I’m in a little restaurant-ish place in Baker, Nevada, just down the road from Great Basin National Park headquarters. I borrowed their wifi signal in the parking lot and felt bad about stealing it, so I came in here and got a root beer float. There’s a TV on in the background blaring a commercial for cheap life insurance that even the elderly can afford. I’m the only person in here — a small group walked in earlier, then turned around and left. Before that the owner was lecturing her son on the importance of trying harder. My new goal in life is not to be depressed by stuff like this. Of course the font of choice here is Papyrus.

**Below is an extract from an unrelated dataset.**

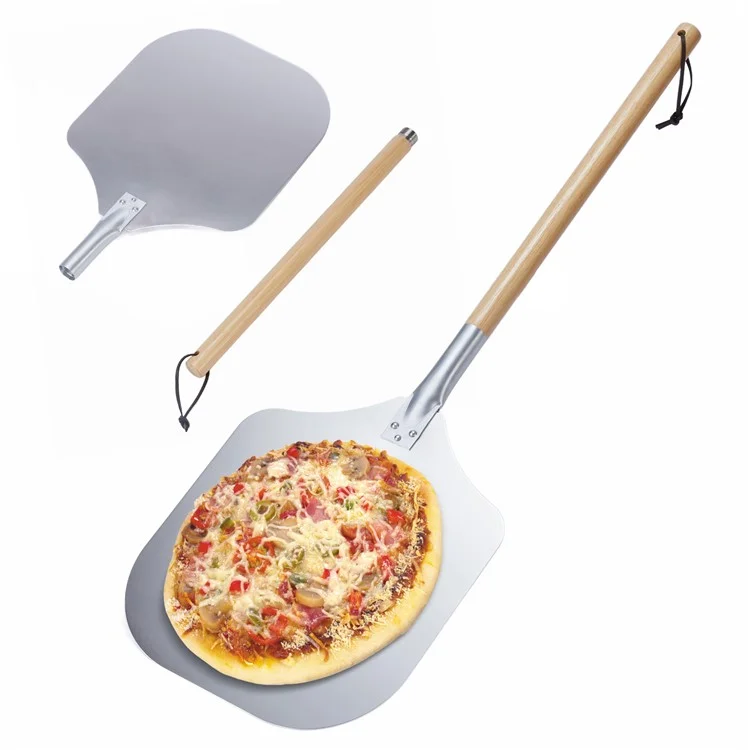 Pizza Shovel with Removable Long Handle Kitchen Baking Supplies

Addendum: Man, the dates on this letter are all screwed up. Yesterday was the 25th, so yesterday’s entry [i.e., the part written in Colorado] should say Wednesday the 25th. And earlier today I thought it was the 27th, not the 26th. I really screwed up.

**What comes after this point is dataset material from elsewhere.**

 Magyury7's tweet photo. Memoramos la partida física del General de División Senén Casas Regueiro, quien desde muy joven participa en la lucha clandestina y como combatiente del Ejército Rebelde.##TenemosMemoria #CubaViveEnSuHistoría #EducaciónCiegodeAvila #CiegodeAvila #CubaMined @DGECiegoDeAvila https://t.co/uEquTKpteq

Here I am in the hospital. Yesterday a wild boar attacked me. It’s kind of a weird coincidence that I began this letter by gluing in the encyclopedia entry for wart hogs … I did that one month ago. I thought I could write right now, but I’m still too loopy on painkillers.
Monday morning in Santa Rosa, California! I’m in room 294 at Santa Rosa Memorial Hospital, recovering from injuries incurred during a rare and exciting form of human-pig communication known informally as “oh Jesus this wild animal is attacking me”. I’m rattled by the whole experience and making dumb jokes in what I suspect is a pretty transparent attempt to psych myself up.
I’m on one Percocet instead of two — two leaves me completely nonfunctional — and I’ve got an IV drip sending antibiotics into my arm, where my now no-longer-taken-for-granted circulatory system does a great job of sending those antibiotics down to my legs, where they’re fending off infection.
When I posted on Facebook that I was recovering here and invited Bay Area friends to visit me, a lot of people thought I was joking. Apparently I am like the boy who cried wolf, except instead I’ve been abusing people’s trust by shouting “wild boar” my whole life long. And now it occurs to me that I didn’t even explain what the hell happened, I just said “pig attack” and kind of left it there.
I’m still trying to figure out how to tell the story. I was talking to my friend Tom last night, and as much as I want to have a cool, macho-sounding story about fending off a wild pig, he still spent a lot of time listening to me cry while I tried to sort out how I feel.
What a weird summer. What a strange thing. A few days ago I was hiking through meadows in
Nebraska Nevada watching clouds form and dissipate like I was a latter-day hippie vagabond, and now I have puncture wounds [lacerations is probably the more correct word] and staples in my legs and just enough meds in my system that I can write a letter but still confuse words that begin with the letter N. Thanks for backing my Kickstarter project.